═════ Study material

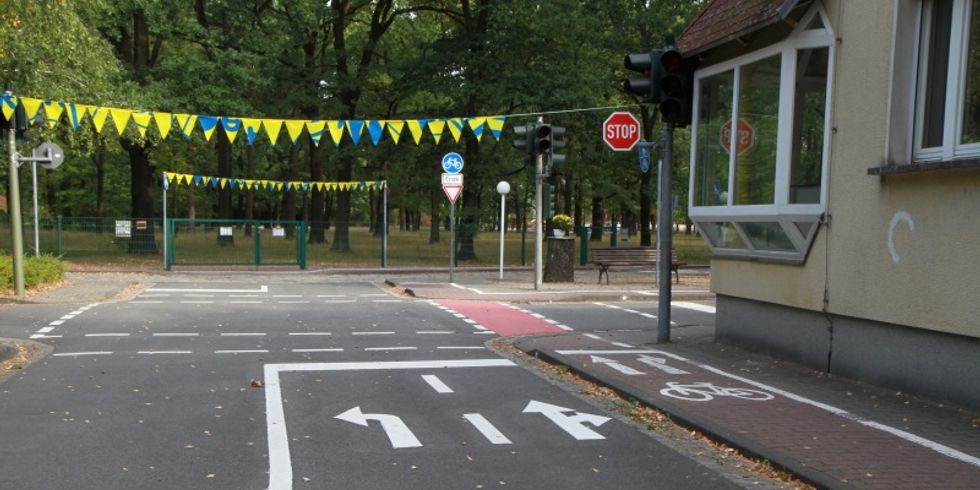 Straße in der Jugendverkehrsschule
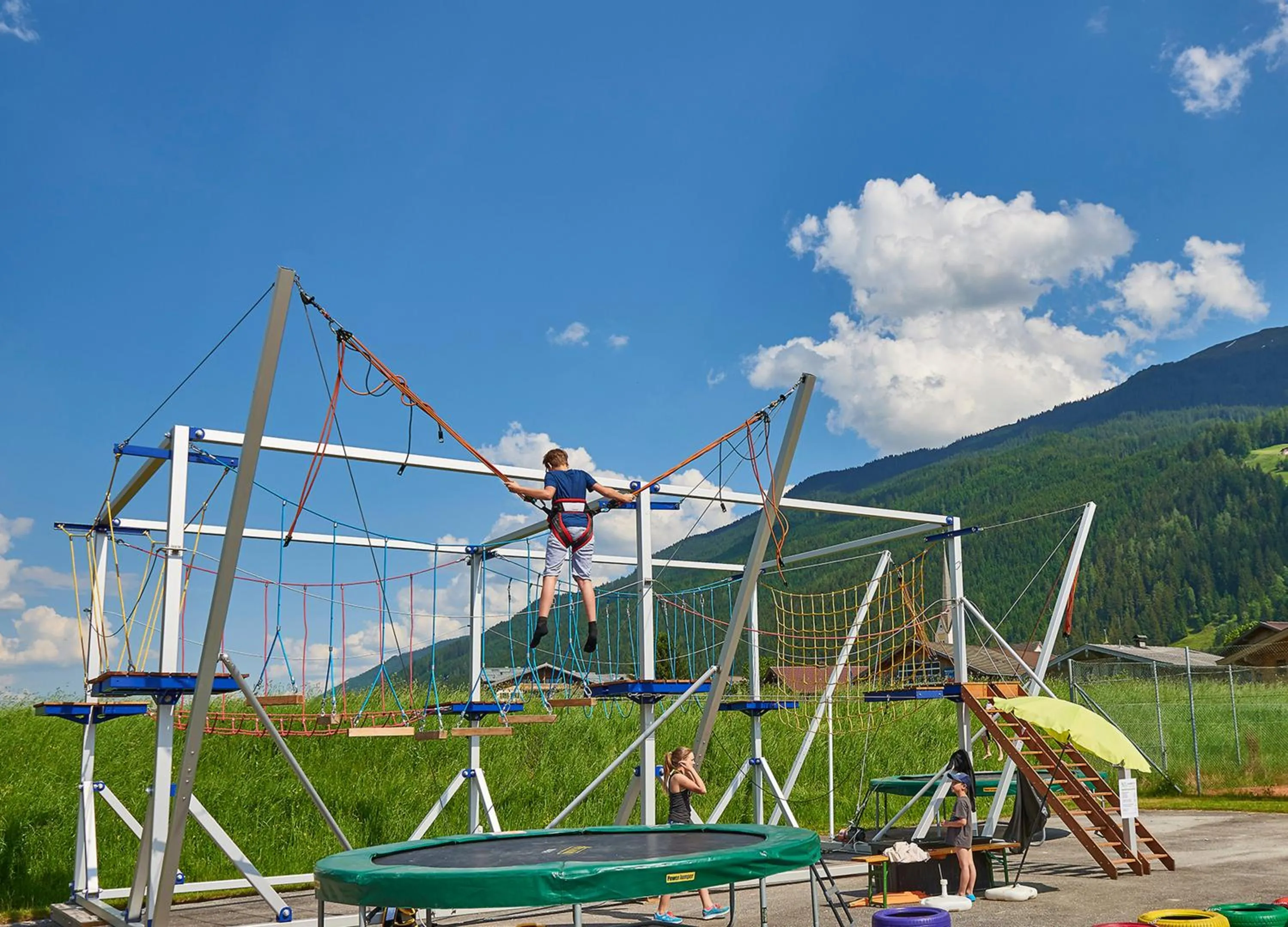 Children play ground in Hotel der Wolkensteinbär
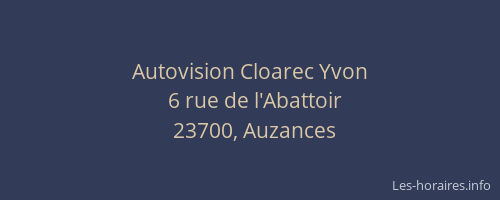 Autovision Cloarec Yvon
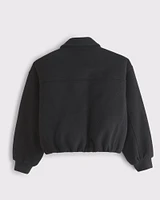 Bubble Hem Short Coat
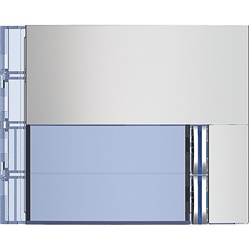 Frontale 2 pulsanti Allmetal design compatto per applicazioni elettriche residenziali e commerciali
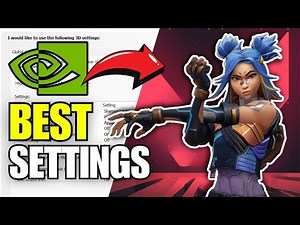 The BEST NVIDIA Settings For Valorant (New Method)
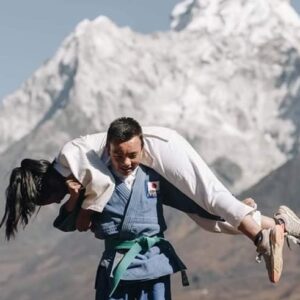 Judo-Spende auf 4000m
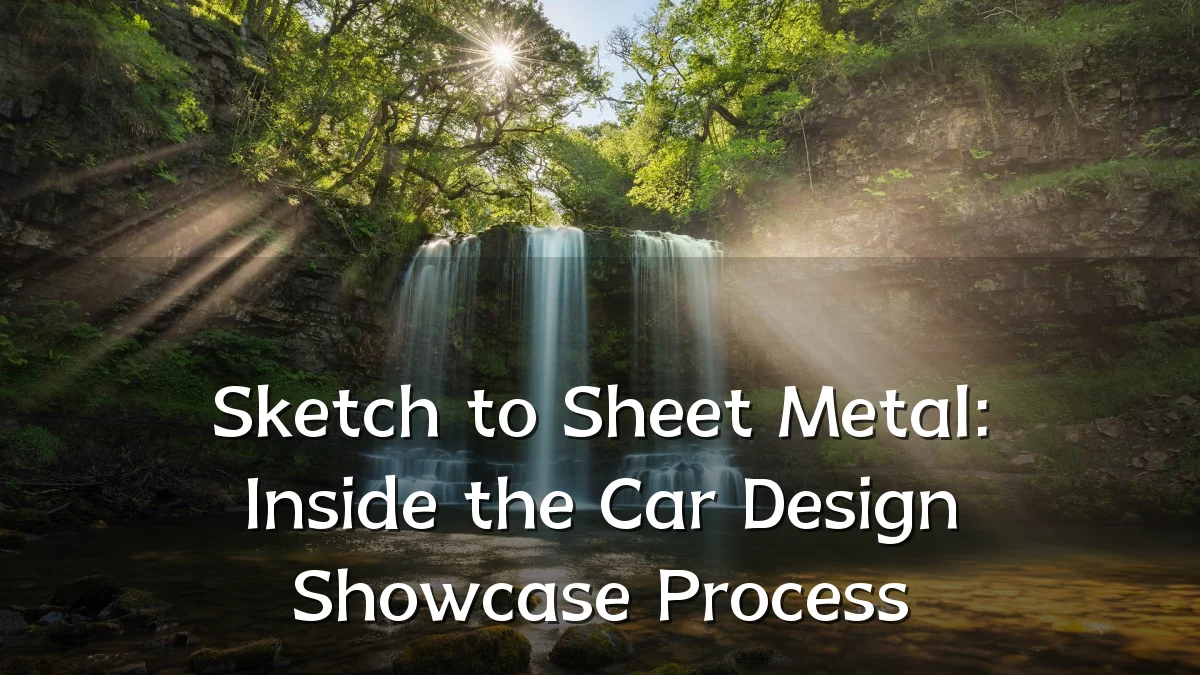 Sketch to Sheet Metal: Inside the Car Design Showcase Process
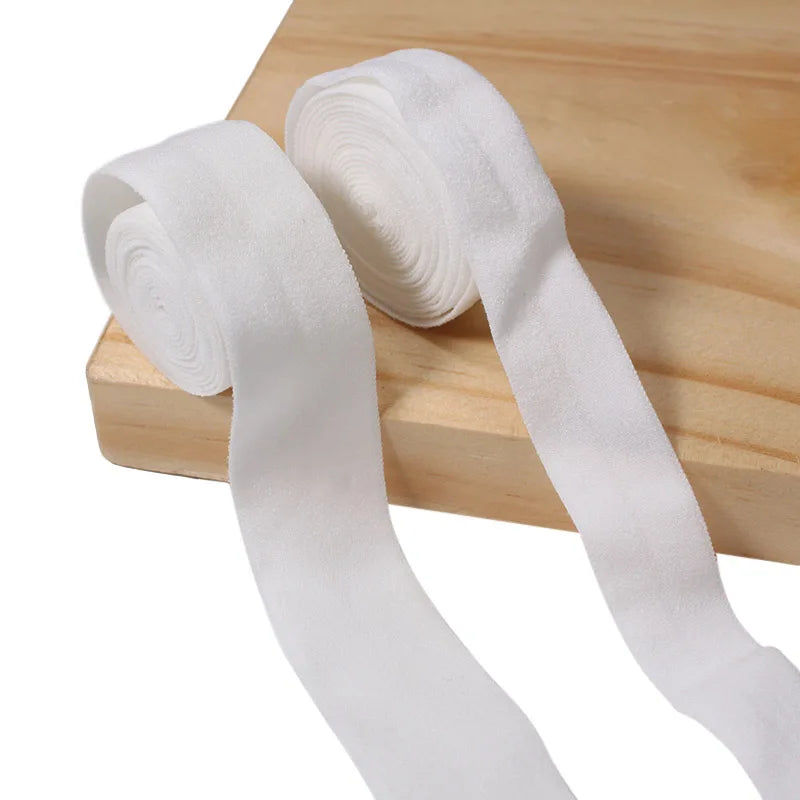 Factory Wholesale Foldover Elastics 5/8 Custom rainbow 25mm Foldover Elastic Tape for Garment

══════════

**Brief**
Please repeat the lines that run from the one holding "The BEST NVIDIA" to the last line of the material, both included, exactly and without pictures.

**Solution below**
 The BEST NVIDIA Settings For Valorant (New Method)
 Judo-Spende auf 4000m
 Sketch to Sheet Metal: Inside the Car Design Showcase Process
 Factory Wholesale Foldover Elastics 5/8 Custom rainbow 25mm Foldover Elastic Tape for Garment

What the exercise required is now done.